Weird, though, isn’t it? That of all Grandpa Vince and Grandma Anna’s six kids, four of them married Poles. But that really wasn’t so bizarre in pre-war Chicago. Both the second generation Italians and Poles by and large left their neighborhoods just west and south of the Loop, where the first wave of immigrants from those respective countries had settled. The second generation kids wanted to get away from the tenements and narrow streets and native languages of their youth and start up new, more American, lives in brand new bungaloes on the edge of the city. So they moved to Chicago’s northwest side. The new Italian and Polish neighborhoods abutted each other and that second generation wasn’t so exclusionary as their parents so tons of them fell in love with each other.
But back to my family’s break-up. As I’ve indicated, it wasn’t Ma and Dad — Sue and Joe — who split. Hell no. They stuck together through thin and thin (no typo there). Ma was so young when she got married that plenty of people told her the marriage would never last. Ma, being one of the hardest-headed people I’ve ever known, a real testa dura, took that as a challenge, even a dare, and stuck it out with Dad.
He never said much to us kids, other than to yell at us, and his siblings were similarly icy and aloof. His side of the family, frankly, scared me. Ma’s side, on the other hand, were a bunch of laughing, crying, hugging, fun-lovers. When I went in for my tonsillectomy at the age of four, I told the nurses that my mother and I were Italian, but my father and sisters and brother were Polish. The nurses exchanged smirks, which I wasn’t able to grasp until I was in my teens.
Anyway, in 1979 when I went through my first major heartbreak, I collapsed on the front stoop in tears one night. I could hear Ma whispering, loudly, to Dad, “Joe! Go out there and help him! He needs you!” And after a few long moments Dad came out and sat near-ish me, the look on his face the same, I supposed, as if he were sitting near-ish a dog foaming at the mouth.
“Dad,” I said after an uncomfortable silence between us, “tell me how you met Ma.”
“Oh, I don’t know,” he said, as pained as if I’d asked him what his favorite sex position was with her.
“No, really. Tell me.”
After a little more prodding, he opened up, the first and only time he and I ever really conversed.
“I was over to Hansen Park,” he said. “The American Legion girls were playing softball. They were called the Orioles. I saw your mother playing short-centerfield. She had black, curly hair. I took one look at her and said, ‘I’m gonna marry that girl!'”
With that I fell into a loud, tear-gushing cry.
“What’s the matter?” Dad said. “Did I say somethin’ wrong?”

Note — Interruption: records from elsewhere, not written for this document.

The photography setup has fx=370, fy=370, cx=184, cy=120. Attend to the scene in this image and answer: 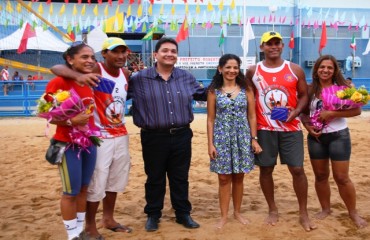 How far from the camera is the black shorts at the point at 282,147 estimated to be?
147 inches

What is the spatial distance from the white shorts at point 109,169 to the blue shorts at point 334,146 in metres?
1.95

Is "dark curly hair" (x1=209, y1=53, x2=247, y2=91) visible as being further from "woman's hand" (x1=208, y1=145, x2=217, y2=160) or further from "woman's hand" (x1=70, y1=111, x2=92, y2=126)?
"woman's hand" (x1=70, y1=111, x2=92, y2=126)

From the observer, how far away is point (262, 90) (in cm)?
377

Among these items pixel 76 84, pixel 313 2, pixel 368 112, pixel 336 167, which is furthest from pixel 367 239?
pixel 313 2

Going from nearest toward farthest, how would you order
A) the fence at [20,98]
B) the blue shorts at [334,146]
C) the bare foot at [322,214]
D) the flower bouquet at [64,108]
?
the flower bouquet at [64,108] < the blue shorts at [334,146] < the bare foot at [322,214] < the fence at [20,98]

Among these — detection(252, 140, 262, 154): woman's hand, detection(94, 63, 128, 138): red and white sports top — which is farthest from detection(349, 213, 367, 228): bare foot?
detection(94, 63, 128, 138): red and white sports top

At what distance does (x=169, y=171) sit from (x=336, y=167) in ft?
5.53

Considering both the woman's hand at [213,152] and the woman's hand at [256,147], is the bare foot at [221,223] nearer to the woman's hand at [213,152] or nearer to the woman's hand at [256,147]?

He hadn’t, of course. In fewer than fifty words, he’d told me a whole, wonderful story.

Ma and Dad, circa 1964.
What I came to realize since then is he was head-over heels in love with Ma and she was very eager to get away from an abusive home. Between his infatuation and her determination to prove all the nay-sayers wrong, they found ways to stay married until he died in 1995. Ma spent the rest of her life trying to tell me how heroic she was to stay married to Dad.
“Ma,” I’d say, for the thousandth time, “I don’t wanna hear it.”
But, again, she was a testa dura, and she’d go on reciting chapter and verse about how she bravely stuck it all out with Dad.
My family’s break-up came about because my sister, already married with five kids, had taken up with another man. As if that wasn’t bad enough for Ma and Dad to swallow, the other man was…, gasp! — black.
Suddenly, Dad became an orator. He expounded at length and at the drop of a hat about the failures and weaknesses of black men. He insisted my sister be written out of his will. From the moment he learned of my sister’s dalliance, he began tumbling, for the rest of his life, into a deep, dark depression.
Me? I was depressed because my sister and her kids weren’t at that first Christmas Eve after the news broke.
It has become one of those youthful memories that won’t go away even as I’ve become an aging curmudgeon.

The Glabs, 1960: (from left) Ma, Charlotte, Franny, Dad, Me, and Joey. Franny’s marriage wouldn’t last. Neither would Charlotte’s. But Ma and Dad’s did, through thin and thin.
Big Heart emoji. Merry Happy Christmas New Year’s Whatever You Do, to you & The Loved One.